Did you forget the /s tag?

It's pretty well understood that population growth curves are logistical, rather than exponential (e.g., https://www.britannica.com/science/population-growth/images-...)

The appearance of exponential growth is always temporary.

As the population increases, negative feedbacks reduce the population growth rate. Examples of these feedbacks include cost to raise children, reduced dependence on large family for security in old age, etc.

Estimates of the "replacement fertility rate" are about 2.1 per woman in a developed society (higher in less-developed societies). Many first world countries are already below this rate, and without immigration, will have declining populations as their native populations age.
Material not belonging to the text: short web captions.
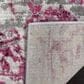 Safavieh Skyler SKY186N 2" x 12" Pink and Ivory Runner, , large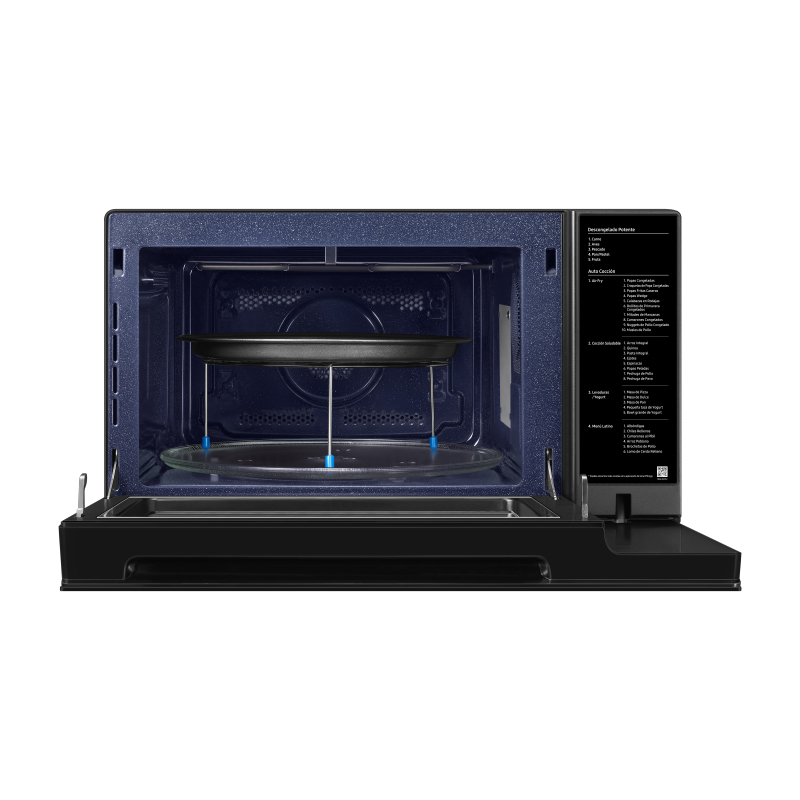 MICROONDAS DIGITAL C/ AIRFRYER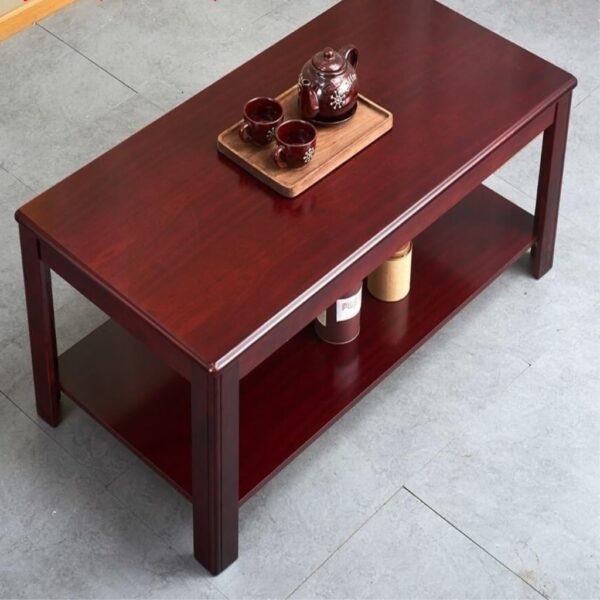 advanced desk, recliner executive office seat, 5-seater office waiting sofa, mahogany visitors seat, 0.6m office coffee table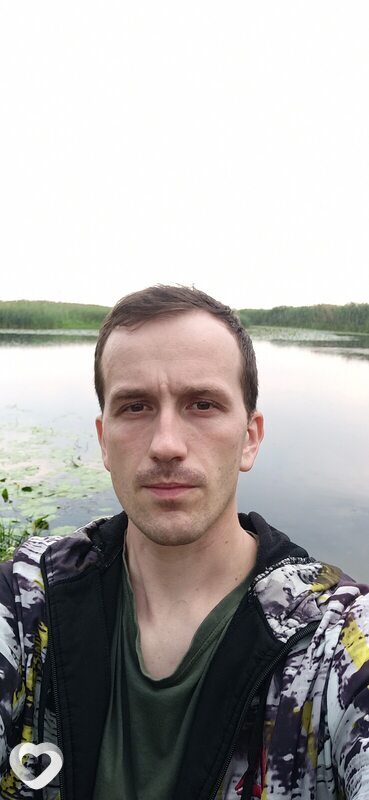 Алексей, 35, Павлодаре — анкета №117070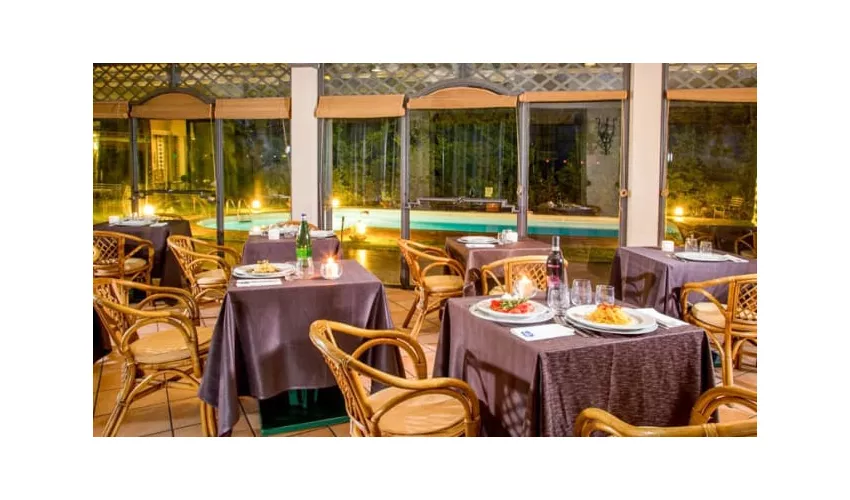 Best Western Park Hotel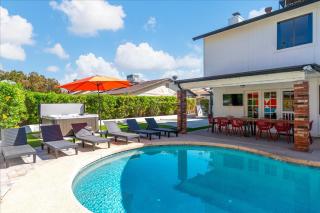 Epic Mesa Getaway - Pool - Hot Tub - Game Room - 9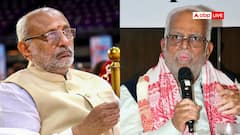 उपराष्ट्रपति चुनाव: महाराष्ट्र की सियासी तस्वीर कितनी साफ? क्लियर हो जाएगा सबकुछ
https://en.wikipedia.org/wiki/Sub-replacement_fertility https://en.wikipedia.org/wiki/List_of_sovereign_states_and_d...

Malthus and his disciples have been wrong for 200 years.

Paul Ehrlich in particular, because he used to like giving short-term dates for his predictions, so we could watch them slide by. Then he decided time was different to him than to an "average person".

“How many years do you have to not have the world end” to reach a conclusion that “maybe it didn’t end because that reason was wrong?” -- Steward Brand, former disciple of Ehrlich

Well, Paul Ehrlich is an entomologist, so it's not too surprising that he should consider human populations to be essentially automatic, mindless swarms.